I’ve written before about Meituan, the heavyweight in China’s food-delivery duopoly—a platform that has perfected the dark art of rent-seeking. It squeezes the life (and margin) out of both the restaurants and the couriers. The folks ferrying my salad across the city are pulling 10 to 14-hour days for around 6000 RMB a month. Meanwhile, restaurants are bleeding out 30% of their earnings just to be listed. Efficiency is a beautiful thing—until it starts to look like feudalism in a scooter helmet.
Now the stage enters JD.com, the slightly more elegant cousin of Amazon in China, who decided to crash the takeout dinner party. JD and Meituan lock horns in food delivery war. JD used to not do takeouts but now it enters the market, promising a more generous model—for both consumers and vendors.
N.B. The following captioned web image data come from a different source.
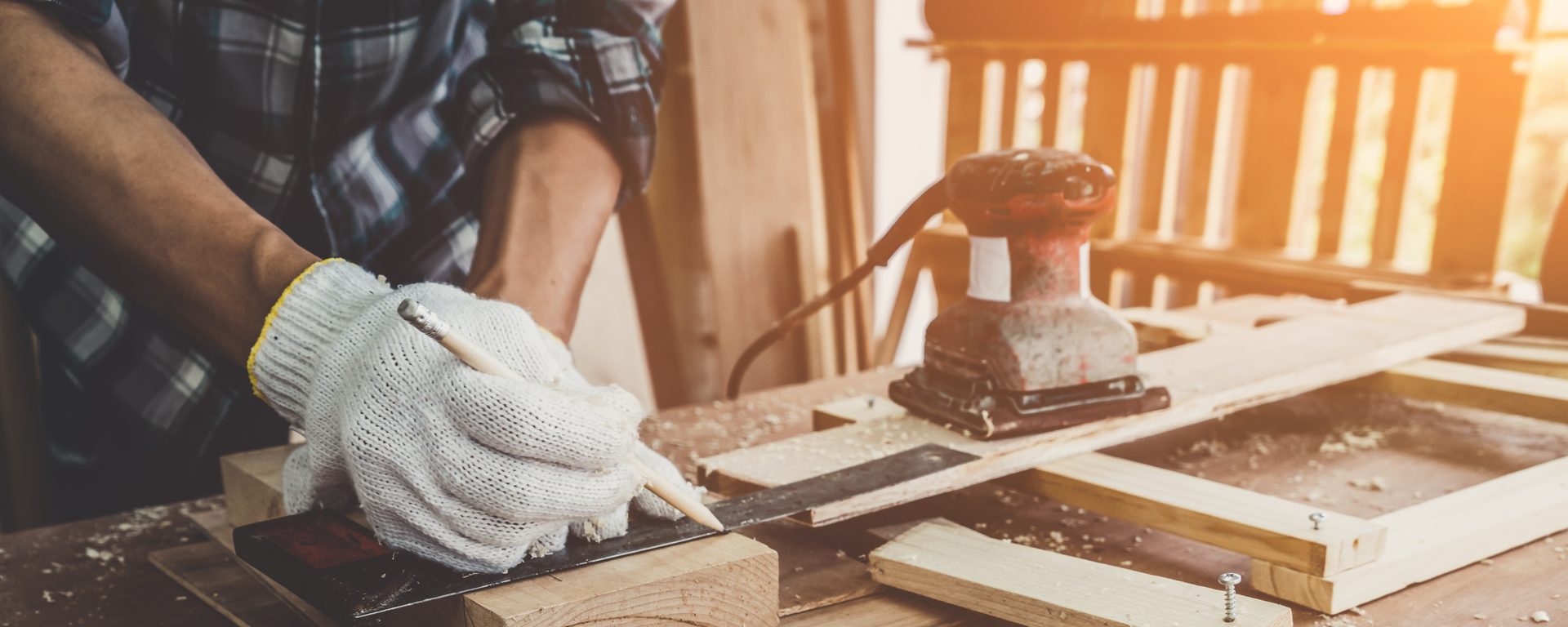 Master joiner hand-planing timber in workshop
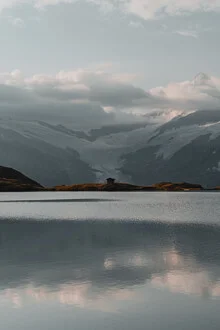 Calm reflection of a lake in Austria under a clear sky.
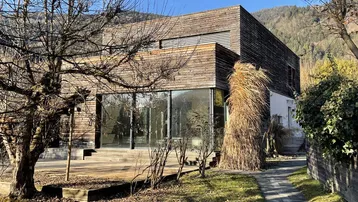 Modernes Haus mit Holzfassade und großen Glasfronten, umgeben von einem gepflegten Garten.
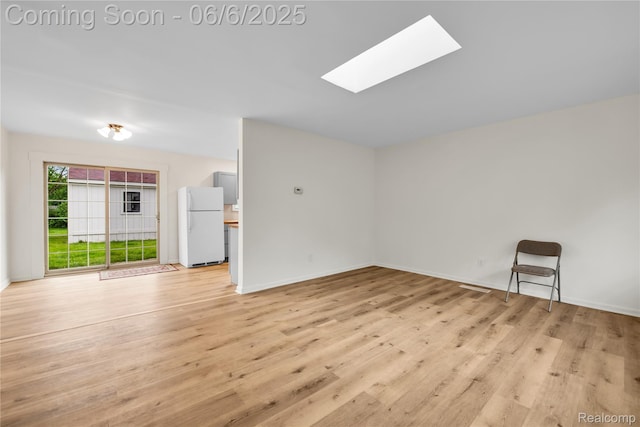 6927 Snow Apple Dr, Clarkston, MI 48346 - empty room with a skylight, light wood-type flooring, and baseboards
Of course, it’s still early days for this noble disruption. JD is currently throwing money at the market like it’s trying to bury it in startup cash. Their billionaire founder even got himself photographed delivering food… JD.com’s billionaire founder delivers food in publicity stunt to challenge Meituan.
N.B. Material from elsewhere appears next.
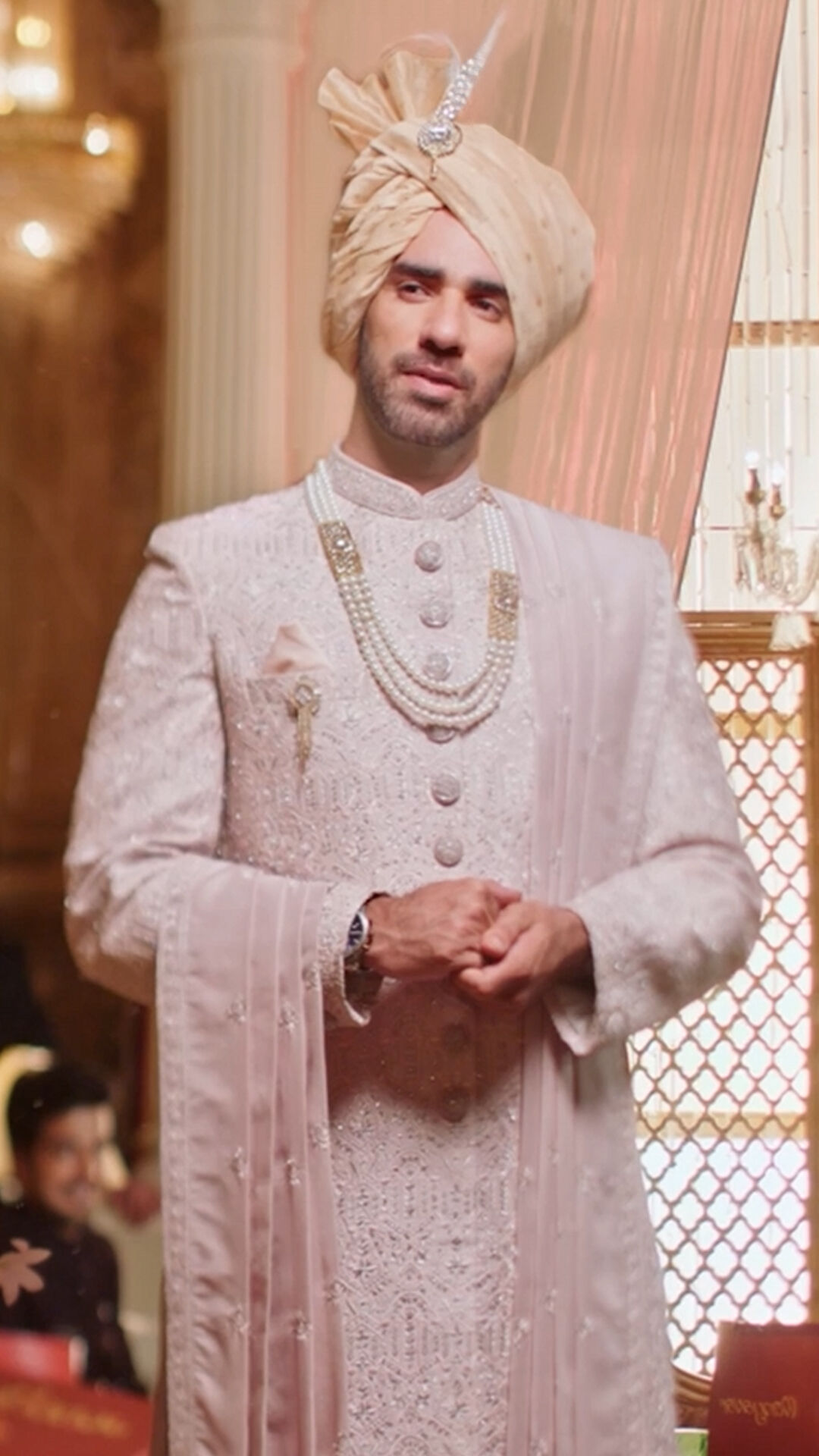 Refined shell white sherwani featuring a classic gold brooch, enhancing the groom's wedding look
I like the gossip, but as a consumer, I also just want better and easier access to food, and prices that don’t make me feel like I’m subsidizing a shareholder’s third yacht… Still, the chaos of market disruption often brings momentary perks before it converges to equilibrium—like artisan coffee mysteriously priced at 4 RMB. Don’t ask why.
Word of caution: whenever two giants wrestle in the market arena, there’s often a quiet third party that ends up getting sat on. So, pour one out for Ele.me, Alibaba’s quieter, slightly forgotten food delivery cousin. If history’s anything to go by, they might want to start brushing up their resume.